While running or hiking with your dog make sure that you have enough water for you and your pet. You can teach them how to drink from the water bottle or you can have a water bowl to pour their water in. You should also plan your route to stop at places where you can refill your bottle as well as to catch your breath (for the both of you) especially if the weather is hot.

Overheating

It is very important to look out for signs of them overheating. They can be sensitive to heat which could have a negative effect on their well-being.
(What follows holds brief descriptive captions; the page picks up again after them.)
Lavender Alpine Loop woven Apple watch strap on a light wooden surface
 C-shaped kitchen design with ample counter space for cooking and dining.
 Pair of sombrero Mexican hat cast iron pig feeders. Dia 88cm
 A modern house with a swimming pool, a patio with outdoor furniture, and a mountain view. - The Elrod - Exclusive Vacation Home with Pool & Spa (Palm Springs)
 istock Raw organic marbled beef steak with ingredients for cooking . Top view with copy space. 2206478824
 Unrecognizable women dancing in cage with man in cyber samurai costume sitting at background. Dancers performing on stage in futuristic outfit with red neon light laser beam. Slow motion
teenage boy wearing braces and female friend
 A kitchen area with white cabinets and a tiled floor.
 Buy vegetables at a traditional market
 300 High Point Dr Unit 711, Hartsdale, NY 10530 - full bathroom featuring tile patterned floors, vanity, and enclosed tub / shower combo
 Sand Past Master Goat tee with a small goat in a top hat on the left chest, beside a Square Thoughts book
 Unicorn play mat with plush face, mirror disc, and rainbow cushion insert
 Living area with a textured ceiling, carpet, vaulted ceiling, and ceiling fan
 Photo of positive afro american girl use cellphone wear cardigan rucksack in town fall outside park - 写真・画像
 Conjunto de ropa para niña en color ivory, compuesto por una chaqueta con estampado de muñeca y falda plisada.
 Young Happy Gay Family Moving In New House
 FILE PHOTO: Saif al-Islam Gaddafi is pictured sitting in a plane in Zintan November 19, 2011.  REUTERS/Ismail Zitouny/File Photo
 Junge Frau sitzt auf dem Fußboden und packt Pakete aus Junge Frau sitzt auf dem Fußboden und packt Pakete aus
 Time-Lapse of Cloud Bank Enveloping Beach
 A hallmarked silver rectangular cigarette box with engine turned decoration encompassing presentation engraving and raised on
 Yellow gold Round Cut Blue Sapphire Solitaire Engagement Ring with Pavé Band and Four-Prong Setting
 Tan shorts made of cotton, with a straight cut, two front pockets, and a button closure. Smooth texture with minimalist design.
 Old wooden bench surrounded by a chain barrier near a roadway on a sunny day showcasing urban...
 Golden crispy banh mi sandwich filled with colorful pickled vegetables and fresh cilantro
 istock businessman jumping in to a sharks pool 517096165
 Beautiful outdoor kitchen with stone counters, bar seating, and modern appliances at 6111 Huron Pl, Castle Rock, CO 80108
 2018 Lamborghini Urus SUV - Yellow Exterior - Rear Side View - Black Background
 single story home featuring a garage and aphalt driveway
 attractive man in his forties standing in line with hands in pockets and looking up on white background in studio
The signs to look out for are:

  • Heavy panting
  • Unable to stand
  • Foaming at the mouth
  • Agitation
  • Glazed eyes
  • Any sort of weaknesses
  • Uncontrollable movements

If they show any of the above signs there could be a good (or in this case, bad) chance that they are suffering from a heat-related illness. If this is the case pour cool water over them. Let them have a swim in safe, nearby water, or rush them into an air-conditioned room for them to cool down.

Another thing you should be aware of is if they start to vomit and do not stop for 10 minutes. Then they should be rushed off to the vet.

leash for jogging with your dog

Solo with a leash

The last point is that you should keep them on their leash. Regardless of how well-trained they are, there are some trails, parks; running areas that require people to have their dogs on a leash. This can be done so that the other people in the park do not feel uncomfortable if they have a fear of dogs. Plus, there is a high chance that your pet may get excited. Especially, if they see another dog or animal and runoff. This is how you may end up losing them.

When taking your dog for a run especially if you plan on taking them off the leash always make sure that they are wearing ID tags. Find out if your dog is going to take off in an area that you can catch them. All too often new pet owners end up having to chase or even lose their pets on runs or trails because their pet takes off. Be prepared and if you do lose your pet you can go to this PawMaw resource to help you find them.

It is also suggested running solo or with one other person and their dog if the four of you all get along. Running in a group is not advised since other dogs in the group may react badly towards your friendly pet.

Therefore, with these tips in mind have a fun run with your furry friend.